Since the tabernacle was intended to allow for God’s continual presence among the Israelites, it is not difficult to see a connection between the tabernacle and Jesus who was Emmanuel, “God with-us”. Indeed, the apostle John even went so far as to describe Jesus as God “tabernacle-ing” among us (John 1:14). Furthermore, we note that 1 Peter 3:20 connects God’s salvation of Noah to the salvation provided through Christ, suggesting that the Ark was a kind of symbolic prefiguring of Jesus’ coming sacrifice which saves those who “enter” it by faith.
Biblically speaking, then, the account of Noah’s Flood is not merely a story of God’s destruction of the wicked but also a foreshadowing of Jesus' incarnation and the atonement.
1. Jesus taught that Noah’s Flood foreshadowed the end of the world.
Ok, that’s a little melodramatic. Truth is, the Bible really doesn’t teach the “end of the world” as we tend to think of it, but only the end of particular eras of history. What we usually think of as the “end of the world” is really a description we find in the Bible about cataclysmic events that will surround God’s judgment of sinful humanity and the Second Coming of Jesus. But the Bible never teaches that the world or physical universe will cease to exist. According to the Bible, there is a time coming when God will make a final judgment against wickedness (see Revelation 20) and restore the physical universe to its original, intended form (see Revelation 21), but it never says the world will “end”.

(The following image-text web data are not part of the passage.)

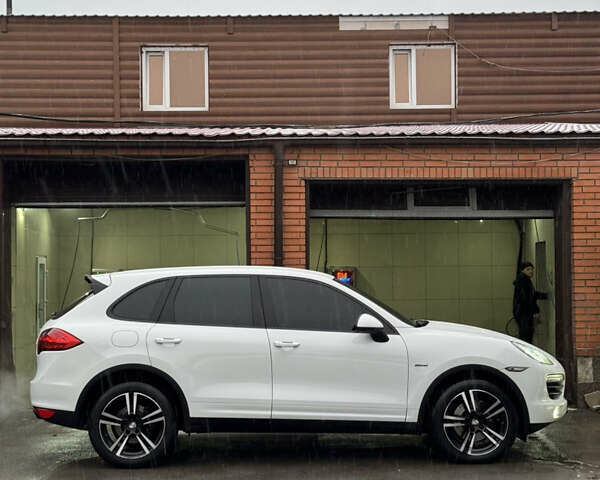 Белый Порше Каен, объемом двигателя 3 л и пробегом 204 тыс. км за 20000 $, фото 11 на Automoto.ua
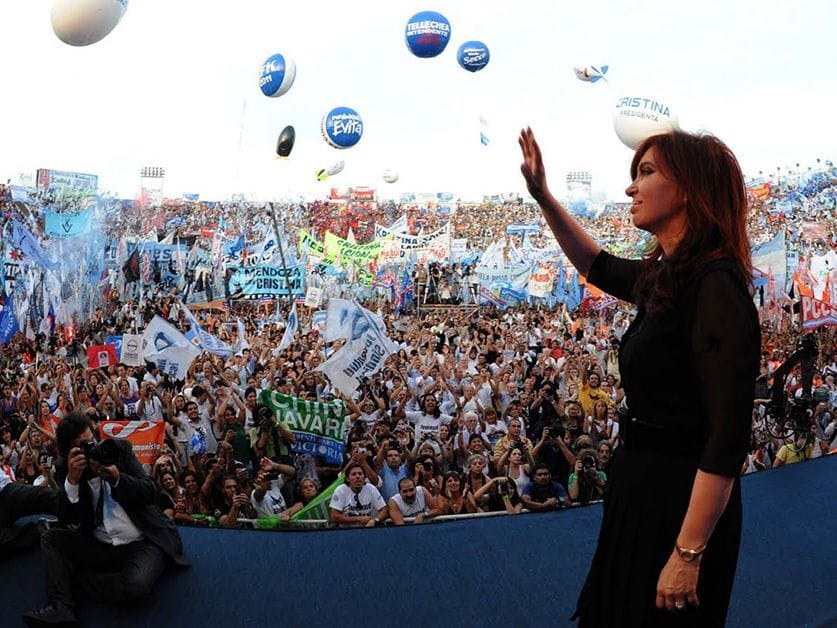 Cristina relanza su campaña con un "acto multitudinario" en Florencio Varela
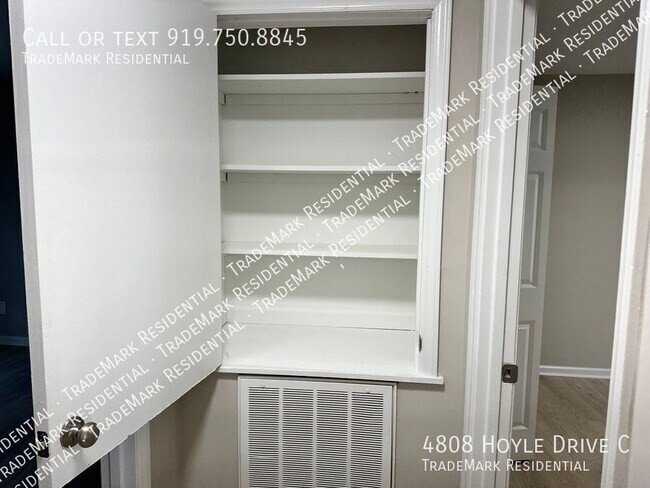 Foto del edificio - 4808 Hoyle Dr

However, Jesus did teach that certain circumstances surrounding Noah’s Flood foreshadow circumstances that will also accompany his Second Coming, particularly in regards to the unexpected destruction of sinful men and women:
Matthew 24:37-44 37 As it was in the days of Noah, so it will be at the coming of the Son of Man. 38 For in the days before the flood, people were eating and drinking, marrying and giving in marriage, up to the day Noah entered the ark; 39 and they knew nothing about what would happen until the flood came and took them all away. That is how it will be at the coming of the Son of Man. 40 Two men will be in the field; one will be taken and the other left. 41 Two women will be grinding with a hand mill; one will be taken and the other left. 42 "Therefore keep watch, because you do not know on what day your Lord will come. 43 But understand this: If the owner of the house had known at what time of night the thief was coming, he would have kept watch and would not have let his house be broken into. 44 So you also must be ready, because the Son of Man will come at an hour when you do not expect him.
The story of Noah's ark, then, speaks directly to the question of whether or not we are ready for the judgment that is coming.
So there you go. The movie Noah may not get all (or any) of its facts straight, but that doesn't mean we can't use it to point people to the Truth!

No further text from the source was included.